Novel 3D culture systems
A team led by Dr. Lonnie Shea from Northwestern University has pioneered the development of three-dimensional culture systems that promote the growth of early-stage ovarian follicles and produce fertilizable oocytes for in vivo transplantation. Ovarian follicles are spherical agglomerations of cells that contain a single oocyte (an immature egg). Human ovaries contain thousands of follicles. The healthy growth and maturation of the follicle is necessary to produce a fertilizable egg for reproduction. In Shea's previous study, oocytes from immature mouse follicles encapsulated in these three-dimensional culture systems were grown, matured, and fertilized, which resulted in the live birth of viable, fertile offspring. The in vitro follicle growth (IVFG) system mimicked the in vivo process by providing follicles with appropriate growth factors and hormones, in the correct amount, at the right time, which stimulated development of the follicle and oocyte. Small changes in conditions such as temperature precipitated a fake ovulation in which the oocyte would spill out of the follicle. In the mouse study, fertilization of this oocyte occurred in vitro.
A solution to infertility
In one of Shea's more recent studies, ovary tissue was removed from 14 female cancer patients, aged 16-39 years, seeking fertility-sparing options. Immature follicles that contained a clear, visible, centrally located oocyte were encapsulated in either an alginate bead or embedded into diluted Matrigel matrix and cultured for up to 30 days. Both alginate and Matrigel environments supported follicle growth without significant differences.

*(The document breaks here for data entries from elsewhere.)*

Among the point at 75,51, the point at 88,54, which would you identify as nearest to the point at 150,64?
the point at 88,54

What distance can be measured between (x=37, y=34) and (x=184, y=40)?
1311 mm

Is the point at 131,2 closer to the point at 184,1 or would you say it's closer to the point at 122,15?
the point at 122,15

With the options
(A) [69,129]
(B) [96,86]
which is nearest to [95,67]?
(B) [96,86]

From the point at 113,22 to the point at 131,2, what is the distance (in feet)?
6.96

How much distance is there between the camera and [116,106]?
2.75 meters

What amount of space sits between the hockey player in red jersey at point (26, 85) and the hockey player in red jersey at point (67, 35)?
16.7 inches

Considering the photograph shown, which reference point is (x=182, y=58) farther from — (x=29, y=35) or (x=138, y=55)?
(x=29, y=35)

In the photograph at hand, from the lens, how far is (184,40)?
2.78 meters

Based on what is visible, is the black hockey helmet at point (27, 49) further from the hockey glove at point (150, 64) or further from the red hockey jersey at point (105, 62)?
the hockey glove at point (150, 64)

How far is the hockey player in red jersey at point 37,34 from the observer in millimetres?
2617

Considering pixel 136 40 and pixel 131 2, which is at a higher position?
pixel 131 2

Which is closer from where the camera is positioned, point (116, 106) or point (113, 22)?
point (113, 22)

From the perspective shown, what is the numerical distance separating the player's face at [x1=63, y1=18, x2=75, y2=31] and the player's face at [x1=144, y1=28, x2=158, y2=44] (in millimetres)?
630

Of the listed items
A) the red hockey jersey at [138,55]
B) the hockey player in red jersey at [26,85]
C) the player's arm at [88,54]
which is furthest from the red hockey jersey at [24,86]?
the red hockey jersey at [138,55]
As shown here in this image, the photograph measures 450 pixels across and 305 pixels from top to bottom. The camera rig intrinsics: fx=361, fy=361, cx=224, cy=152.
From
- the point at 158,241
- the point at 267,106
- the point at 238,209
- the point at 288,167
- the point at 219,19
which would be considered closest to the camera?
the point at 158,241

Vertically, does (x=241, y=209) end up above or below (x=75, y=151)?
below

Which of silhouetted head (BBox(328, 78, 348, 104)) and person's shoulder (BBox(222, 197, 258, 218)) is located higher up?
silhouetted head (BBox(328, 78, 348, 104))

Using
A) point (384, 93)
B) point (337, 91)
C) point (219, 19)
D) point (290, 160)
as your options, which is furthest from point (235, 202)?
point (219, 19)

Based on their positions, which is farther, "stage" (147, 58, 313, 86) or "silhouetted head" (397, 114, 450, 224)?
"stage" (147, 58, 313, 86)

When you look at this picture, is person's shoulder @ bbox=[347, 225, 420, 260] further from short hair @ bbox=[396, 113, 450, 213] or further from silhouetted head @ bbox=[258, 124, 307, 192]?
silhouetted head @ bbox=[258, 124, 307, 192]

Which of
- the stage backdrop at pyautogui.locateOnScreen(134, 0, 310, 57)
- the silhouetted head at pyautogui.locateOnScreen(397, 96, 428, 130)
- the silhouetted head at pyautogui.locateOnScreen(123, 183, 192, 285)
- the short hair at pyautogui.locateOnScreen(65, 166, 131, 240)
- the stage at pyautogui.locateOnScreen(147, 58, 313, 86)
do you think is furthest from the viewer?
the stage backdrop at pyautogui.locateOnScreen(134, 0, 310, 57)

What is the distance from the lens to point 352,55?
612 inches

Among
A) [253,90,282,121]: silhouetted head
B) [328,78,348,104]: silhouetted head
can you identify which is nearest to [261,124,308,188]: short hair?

The goal of this study was to mature the ovary's oocytes in vitro (as was done in the mouse study). The results were very promising, with the follicles grown in vitro showing healthy development. More importantly, the terminal size of the oocytes grown in vitro was indistinguishable from oocytes extracted from in vivo matured follicles. This study also lent insight into the causes of polycystic ovary syndrome (PCOS). In normal development, follicles move from the outer surface toward the inner portion of the ovary, where most of their growth occurs. In a polycystic ovary, the follicles become lodged against the ovary wall and are unable to move toward the center, which prevents oocytes from maturing and leads to infertility. Shea theorized that growth and development of follicles is highly dependent on their physical surroundings. The flat surface of the ovary wall is not as conducive to growth as the environment at the ovary's center (an environment replicated by Shea's 3D culture systems). Results from this study may ultimately lead to novel fertility preservation options for women seeking to protect their reproductive potential.